A key element of human resource management based off of studies in project-based organisations saw that team-building is valued as a core aspect of HRM (Huemann et al., 2007, Turner et al., 2008). Studies also show that transformational leadership has a significant effect on workplace outcomes, including project success (Anantatmula, 2010, Yang et al., 2010). McDonough (2000) provides four arguments explaining the influential role of the project manager's leadership style on team-building practices. First, effective project leadership is needed to delineate task boundaries for the team and allow the members to perform within those boundaries. Second, project leaders should exhibit transformational leadership, in which team members are given the freedom to explore, discuss, and make their own decisions about the techniques to employ, problems to solve, and tasks to perform. Third, an effective leadership style is vital to share information and knowledge within the team and with other groups in the organization, so that realistic decisions can be made. This involves designing communication mechanisms to share information about the focus of the project, project changes and developments, and the individual members' responsibilities. Fourth, effective project leadership is required because it enhances the team commitment by instilling a positive attitude and climate that helps to achieve project success.

Combined all four of these arguments show the importance of the leaders leadership style, and how it can affect the followers, highlighting that there are many factors involved in the leader-follower relationship that can lead to organisational success. Sohmen (2013) underlines that leaders must create a work environment that is conducive to team members working together in cooperative and goal-oriented efforts. Thus, effective leadership is clearly imperative in order to induce team-building. Even if the project team is high-performing with the right capabilities, it will not be successful in the absence of effective leadership (Burke et al., 2006). Aga et al., (2016) study targeted NGOs that undertake development projects targeting poverty reduction in Ethiopia.

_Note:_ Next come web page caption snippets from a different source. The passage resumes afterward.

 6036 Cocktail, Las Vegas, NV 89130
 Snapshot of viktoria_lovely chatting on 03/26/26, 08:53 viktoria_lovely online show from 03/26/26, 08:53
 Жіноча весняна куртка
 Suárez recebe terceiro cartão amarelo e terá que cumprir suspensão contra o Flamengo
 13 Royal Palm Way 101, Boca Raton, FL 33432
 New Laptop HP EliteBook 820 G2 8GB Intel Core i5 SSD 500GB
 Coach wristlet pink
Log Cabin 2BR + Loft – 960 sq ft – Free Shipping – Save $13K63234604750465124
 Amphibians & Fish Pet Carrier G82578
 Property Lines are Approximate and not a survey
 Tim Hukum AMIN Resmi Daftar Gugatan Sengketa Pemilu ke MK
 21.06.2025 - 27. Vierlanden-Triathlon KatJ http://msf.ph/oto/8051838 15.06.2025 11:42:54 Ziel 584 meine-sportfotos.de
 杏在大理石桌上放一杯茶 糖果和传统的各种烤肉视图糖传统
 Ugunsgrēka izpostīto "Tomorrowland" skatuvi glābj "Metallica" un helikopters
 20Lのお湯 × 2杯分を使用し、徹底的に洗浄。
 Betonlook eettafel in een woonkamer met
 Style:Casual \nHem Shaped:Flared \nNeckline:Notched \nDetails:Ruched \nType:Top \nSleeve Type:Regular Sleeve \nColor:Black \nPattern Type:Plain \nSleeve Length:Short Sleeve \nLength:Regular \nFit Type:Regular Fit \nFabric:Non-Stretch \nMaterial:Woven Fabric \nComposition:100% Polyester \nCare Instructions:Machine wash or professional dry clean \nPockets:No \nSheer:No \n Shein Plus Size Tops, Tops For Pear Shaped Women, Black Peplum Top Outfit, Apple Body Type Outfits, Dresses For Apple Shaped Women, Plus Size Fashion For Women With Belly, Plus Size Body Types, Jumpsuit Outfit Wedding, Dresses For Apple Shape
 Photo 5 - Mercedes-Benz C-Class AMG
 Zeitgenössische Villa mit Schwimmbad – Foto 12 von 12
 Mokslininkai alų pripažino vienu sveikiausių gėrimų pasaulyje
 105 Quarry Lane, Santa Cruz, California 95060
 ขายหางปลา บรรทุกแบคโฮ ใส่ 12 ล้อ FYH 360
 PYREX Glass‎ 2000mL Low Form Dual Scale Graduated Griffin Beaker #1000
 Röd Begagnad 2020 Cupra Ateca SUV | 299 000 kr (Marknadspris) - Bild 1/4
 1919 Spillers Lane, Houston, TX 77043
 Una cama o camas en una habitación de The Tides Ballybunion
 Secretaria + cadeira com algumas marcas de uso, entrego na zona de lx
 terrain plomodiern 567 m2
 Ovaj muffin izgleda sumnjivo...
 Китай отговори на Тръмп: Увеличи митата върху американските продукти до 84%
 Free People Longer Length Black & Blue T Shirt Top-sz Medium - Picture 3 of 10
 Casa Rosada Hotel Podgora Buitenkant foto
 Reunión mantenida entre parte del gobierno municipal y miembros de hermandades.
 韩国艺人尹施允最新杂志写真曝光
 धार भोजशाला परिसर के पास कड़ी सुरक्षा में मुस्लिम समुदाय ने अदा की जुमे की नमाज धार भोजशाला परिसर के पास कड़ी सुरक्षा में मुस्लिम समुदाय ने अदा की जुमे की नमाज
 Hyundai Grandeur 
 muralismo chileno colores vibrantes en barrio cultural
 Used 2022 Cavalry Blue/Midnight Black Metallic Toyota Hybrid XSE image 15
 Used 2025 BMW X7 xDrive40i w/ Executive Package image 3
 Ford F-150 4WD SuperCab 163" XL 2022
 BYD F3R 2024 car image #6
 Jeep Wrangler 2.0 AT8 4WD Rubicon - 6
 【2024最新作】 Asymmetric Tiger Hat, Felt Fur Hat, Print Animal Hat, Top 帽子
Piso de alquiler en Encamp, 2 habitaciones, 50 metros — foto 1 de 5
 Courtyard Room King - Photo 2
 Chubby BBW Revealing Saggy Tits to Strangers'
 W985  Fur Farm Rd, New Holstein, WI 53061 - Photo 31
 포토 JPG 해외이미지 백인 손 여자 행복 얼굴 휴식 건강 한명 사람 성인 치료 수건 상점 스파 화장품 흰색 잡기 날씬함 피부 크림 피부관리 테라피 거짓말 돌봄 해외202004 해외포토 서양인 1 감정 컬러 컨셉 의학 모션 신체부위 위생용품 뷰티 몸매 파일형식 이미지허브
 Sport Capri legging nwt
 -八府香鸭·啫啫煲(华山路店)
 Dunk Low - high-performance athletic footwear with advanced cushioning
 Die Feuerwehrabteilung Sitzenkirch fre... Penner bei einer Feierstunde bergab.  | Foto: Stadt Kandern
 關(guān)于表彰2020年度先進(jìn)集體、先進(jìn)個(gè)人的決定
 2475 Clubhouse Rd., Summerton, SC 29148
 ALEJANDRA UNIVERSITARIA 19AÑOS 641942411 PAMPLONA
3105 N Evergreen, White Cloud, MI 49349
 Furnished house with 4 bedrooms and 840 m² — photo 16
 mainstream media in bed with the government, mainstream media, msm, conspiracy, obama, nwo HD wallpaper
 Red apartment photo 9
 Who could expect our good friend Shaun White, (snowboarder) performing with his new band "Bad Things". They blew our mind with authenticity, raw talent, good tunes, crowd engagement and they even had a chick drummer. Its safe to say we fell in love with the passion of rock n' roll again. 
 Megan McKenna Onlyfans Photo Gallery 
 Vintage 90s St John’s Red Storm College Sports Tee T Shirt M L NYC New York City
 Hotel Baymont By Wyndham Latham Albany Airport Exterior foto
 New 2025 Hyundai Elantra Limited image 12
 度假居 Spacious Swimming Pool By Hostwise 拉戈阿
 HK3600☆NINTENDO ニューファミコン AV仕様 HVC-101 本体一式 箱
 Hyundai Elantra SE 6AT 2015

First randomly selected 100 NGOs to ensure the representativeness of the institutions engaging in development projects (Bartlett et al., 2001). From this, they obtained 300 project managers who constituted their sampling framework. They were then invited to participate in a questionnaire survey. They measured project success with 14 items, covering time, cost, performance, client use, satisfaction, and effectiveness. The project managers assessed each of these items on a Likert scale of 1–5 ranging between ‘strongly disagree’ and ‘strongly agree’. All of the constructs' α values are above 0.8, indicating a high degree of internal consistency in the responses, confirming that transformational leadership positively influences project success and that transformational leadership is positively related to team-building, as well as that team-building is positively related to organisational success.

In conclusion, we can see that through various studies and sources, there are many factors in the leader-follower relationship that lead to organisational success. Firstly the leader’s positive mood directly affects the performance of the followers creating a better work ethic and thus more success. Secondly, trust in leader-follower relationships is critical for individual and organisational. Lastly, the leadership style, namely transformational leadership, is a main factor in the leader-follower relationship, and thus also affects organisational success.